Thankfully for her, Alice didn't finish her sentence. Billy might have been a misguided old fool for putting his loyalty to his spooky legends above telling his best friend that his daughter didn't die some bloody death in a forest, but he was the only one actually telling me the truth in this whole mess. Well, at least in the end he did. I may have still been pissed off at him, but I didn't need to deal with more of the crap between he and the Cullens, right now.

Alice must have felt the same way, because thankfully, she dropped whatever she'd been trying to say before. "You said he wrote the letter years ago? When?"

"September 8, 2006."

I didn't need to say what the significance of that date was. Alice's quiet curse on the other end told me she knew exactly what that day was.

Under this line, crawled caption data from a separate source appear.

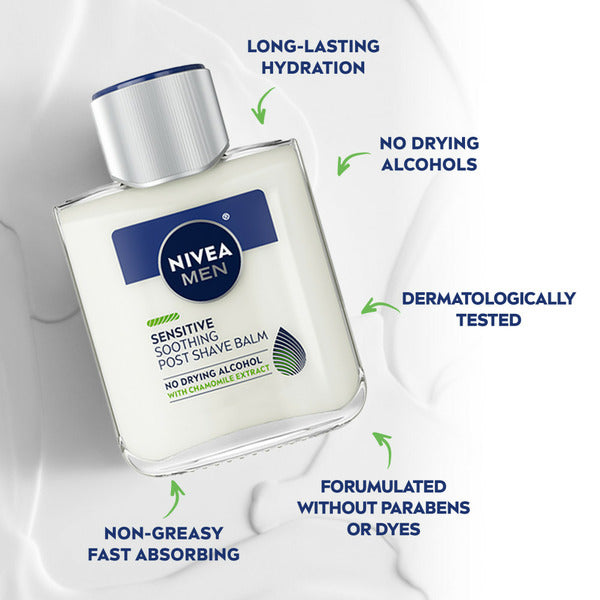 NIVEA Men Sensitive Post Shave Balm
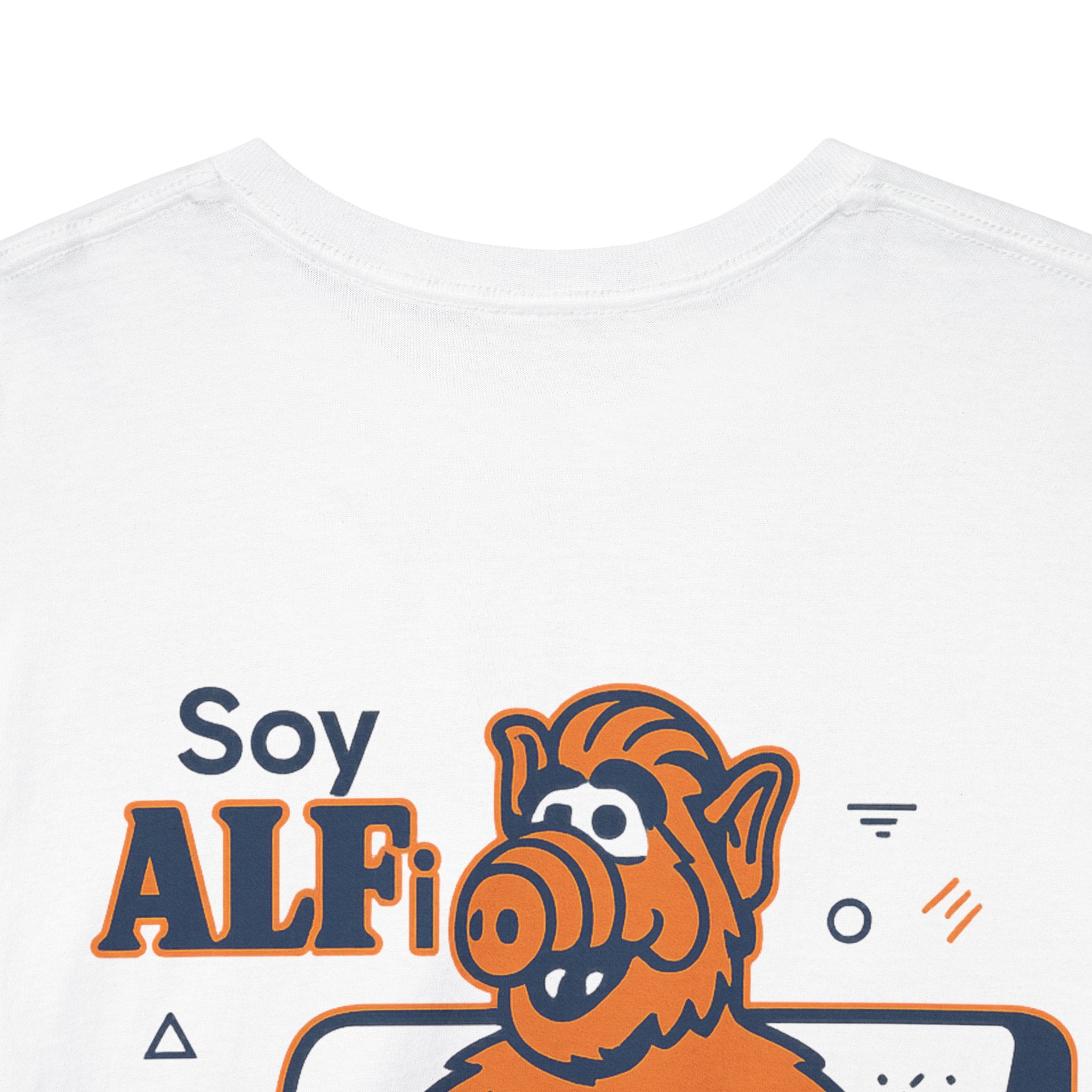 Camiseta ALF, T-Shirt Retro Años 80, Gen X Nostálgico, Diseño Vintage DIVERTIDO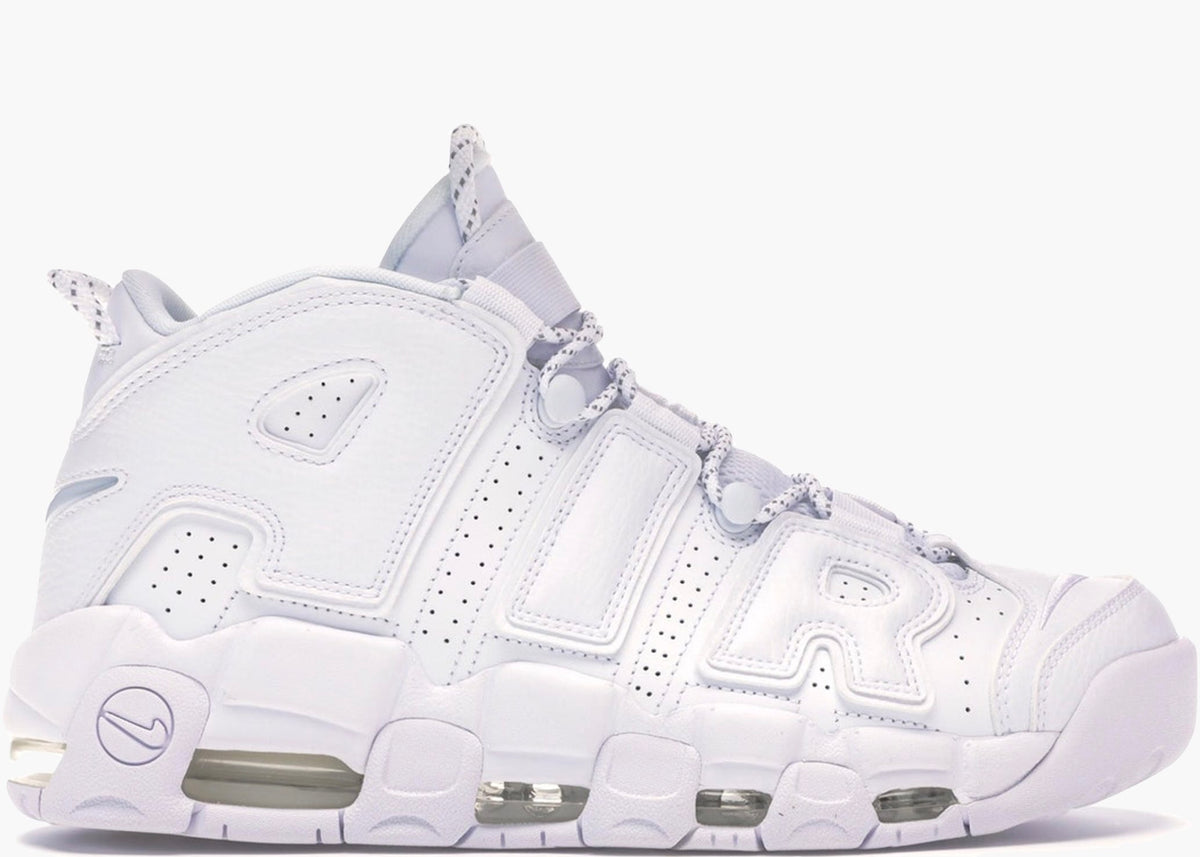 Nike Air More Uptempo Triple White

This was it. Finally. I had her. I could just feel it. Alice was off balance, and I knew it wasn't something she was used to feeling. As much as I still loved that girl, I needed answers more than her comfort.

"You have to give me something here, Alice. Do you have any idea how it feels to be the guy that's left flapping out in the wind like an idiot? I started out thinking I've been that guy since this whole thing started, but in all reality, it's been a hell of a lot longer than that, hasn't it? I think I've always been the guy that didn't know, well, whatever it is that everyone else knows. I've been honest with you. It's gotta be tit for tat."

Oh, sweet Jesus. I just said the word "tit" to Alice Cullen.

Luckily, Alice saved me from the Earth opening up at my feet and swallowing me whole by saying, "Charlie, please try to understand where I'm coming from. Billy crossed a very serious line saying something like that. I just can't comprehend why he would do that to you."

I scoffed and said, "What, tell me the fucking truth?"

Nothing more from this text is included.